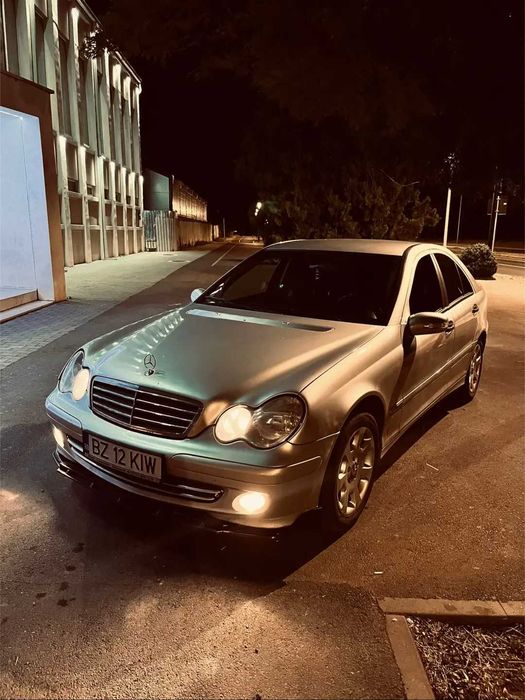 Mercedes C220 OM646 Stage 1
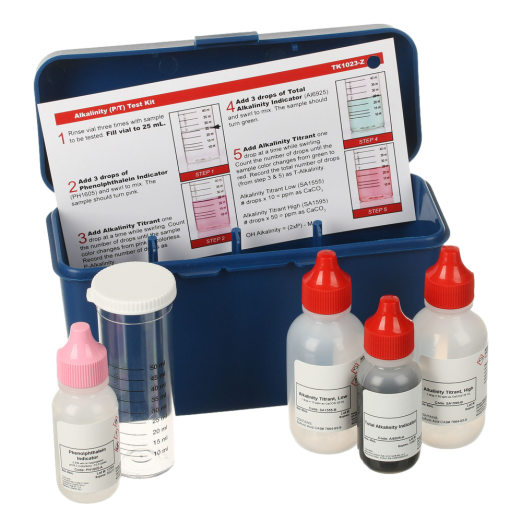 AquaPhoenix EndPoint ID® Alkalinity P/T Test Kit (10 or 50 ppm)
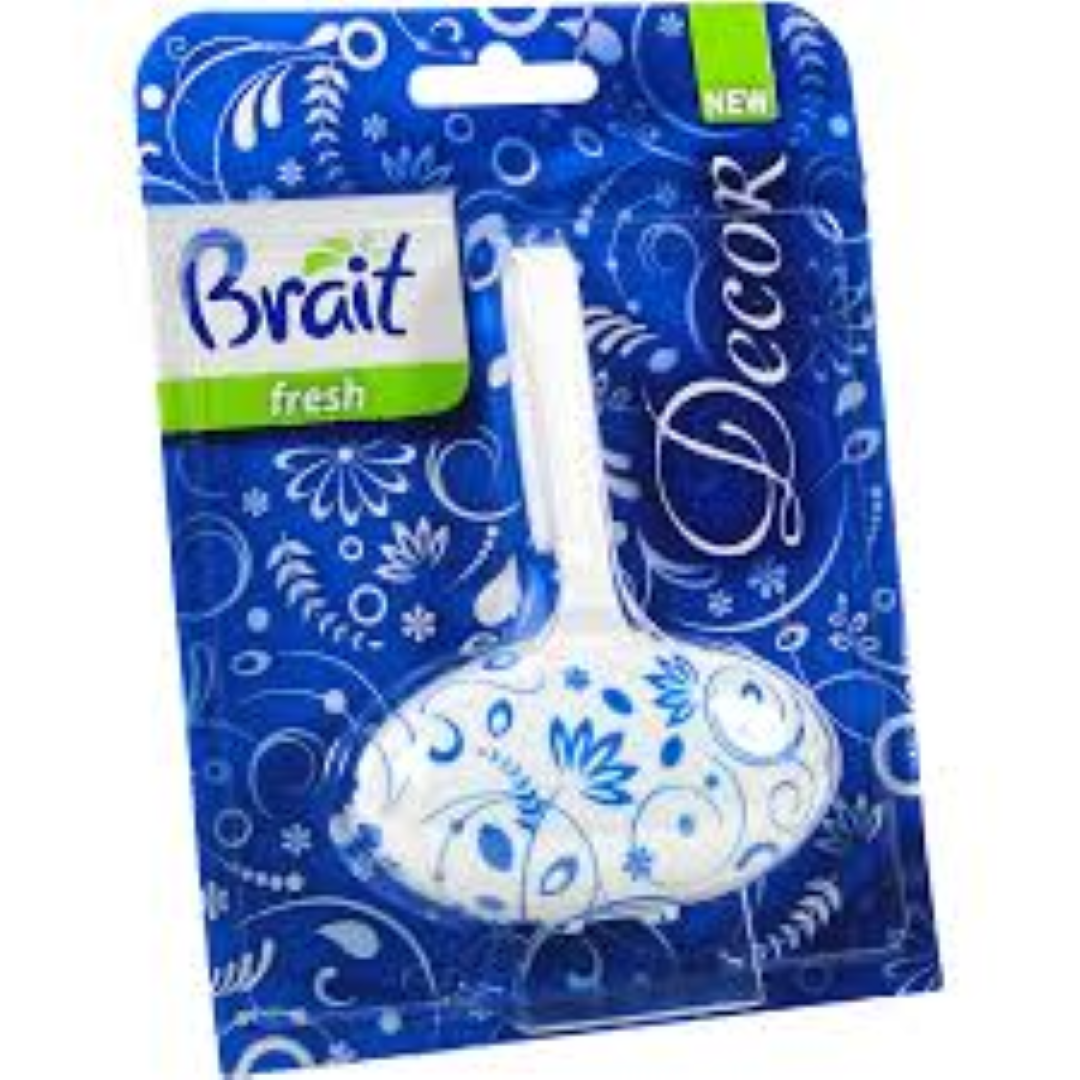 BRAIT TOILET BLOCK DECOR FRUITS 40G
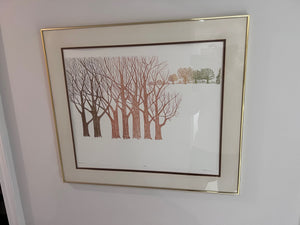 Limited Edition Signed Print 'A Quiet Day' by Joy Jerviss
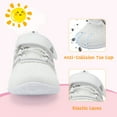 thumbnail image 4 of Barerun Baby & Toddler Boys Girls Single Strap Slip On Shoes Sneakers, 4 of 7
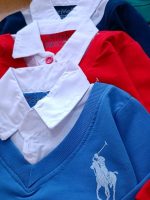 Polo shirts for girls and boys, sizes 40 to 65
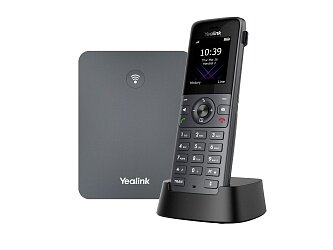 ABC VoIP-телефон Yealink W73P, база W70B + трубка W73H, c БП (LAN)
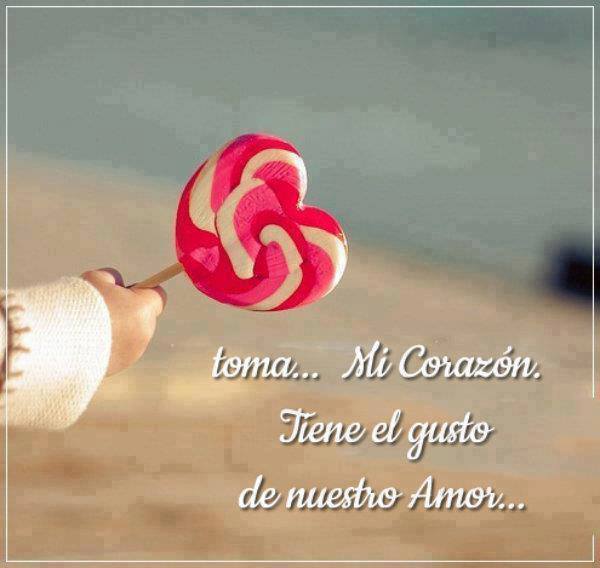 Toma…Mi Corazón.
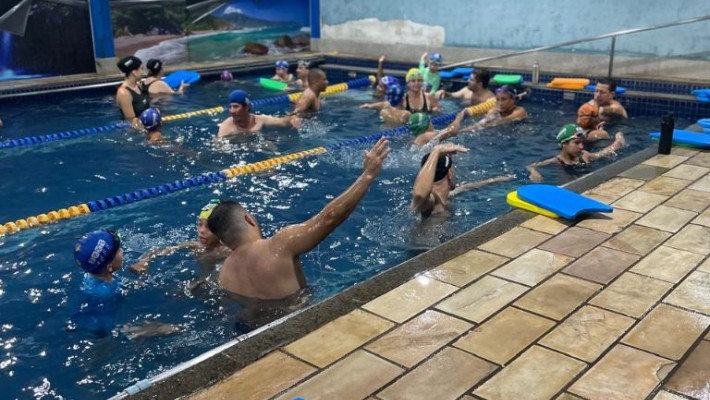 NATAÇÃO INFANTIL COM OS PAIS – AABB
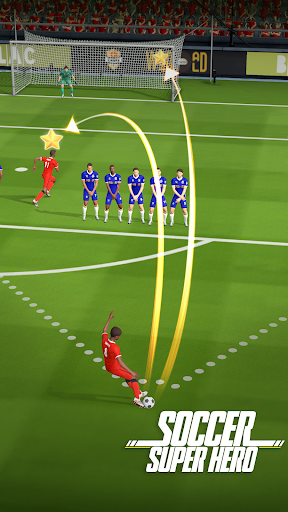 Soccer Super Hero ekran görüntüsü
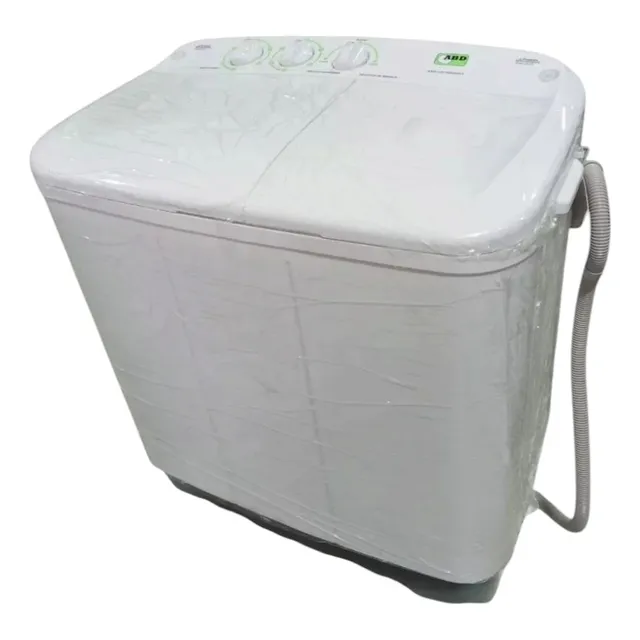 Lavadora Semiautomática De 9 Kilos Con Bomba Marca Abd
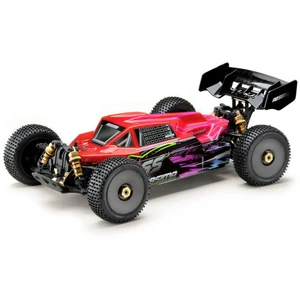 Absima STOKE Gen2.1 6S červená, viacfarebná, čierna bezkefkový 1:8 RC model auta elektrický buggy 4WD (4x4) RtR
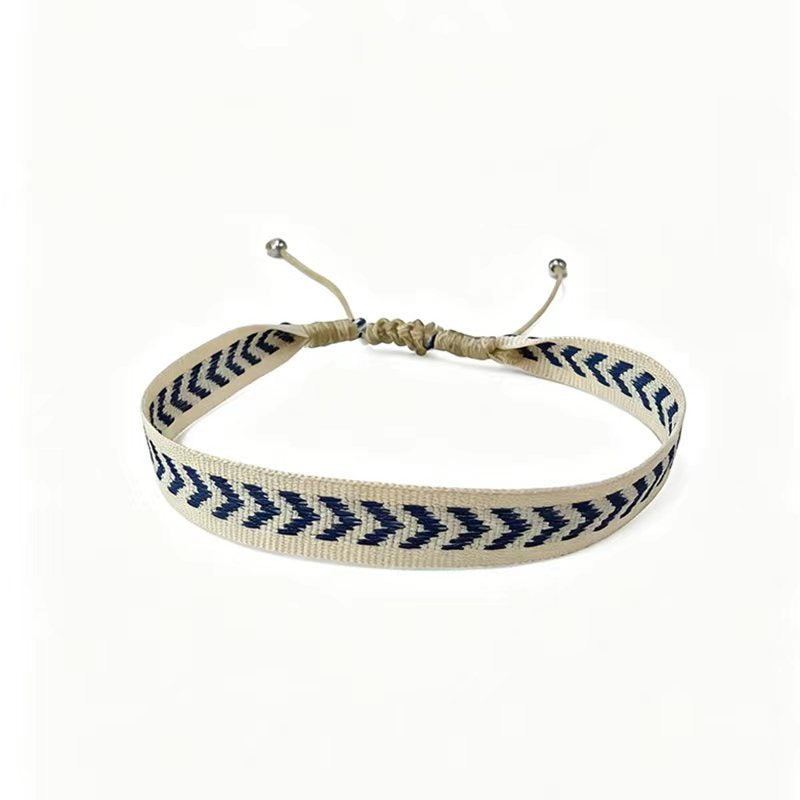 Handmade Woven Bracelet (St Barth)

********************

[ACTION ITEM] Where the material contains pictures, leave them out and copy the rest verbatim.

[RESULT BELOW]
 Mercedes C220 OM646 Stage 1
 AquaPhoenix EndPoint ID® Alkalinity P/T Test Kit (10 or 50 ppm)
 BRAIT TOILET BLOCK DECOR FRUITS 40G
 Limited Edition Signed Print 'A Quiet Day' by Joy Jerviss
 thumbnail image 4 of Barerun Baby & Toddler Boys Girls Single Strap Slip On Shoes Sneakers, 4 of 7
 Polo shirts for girls and boys, sizes 40 to 65
 ABC VoIP-телефон Yealink W73P, база W70B + трубка W73H, c БП (LAN)
 Toma…Mi Corazón.
 NATAÇÃO INFANTIL COM OS PAIS – AABB
 Soccer Super Hero ekran görüntüsü
 Lavadora Semiautomática De 9 Kilos Con Bomba Marca Abd
 Absima STOKE Gen2.1 6S červená, viacfarebná, čierna bezkefkový 1:8 RC model auta elektrický buggy 4WD (4x4) RtR
 Handmade Woven Bracelet (St Barth)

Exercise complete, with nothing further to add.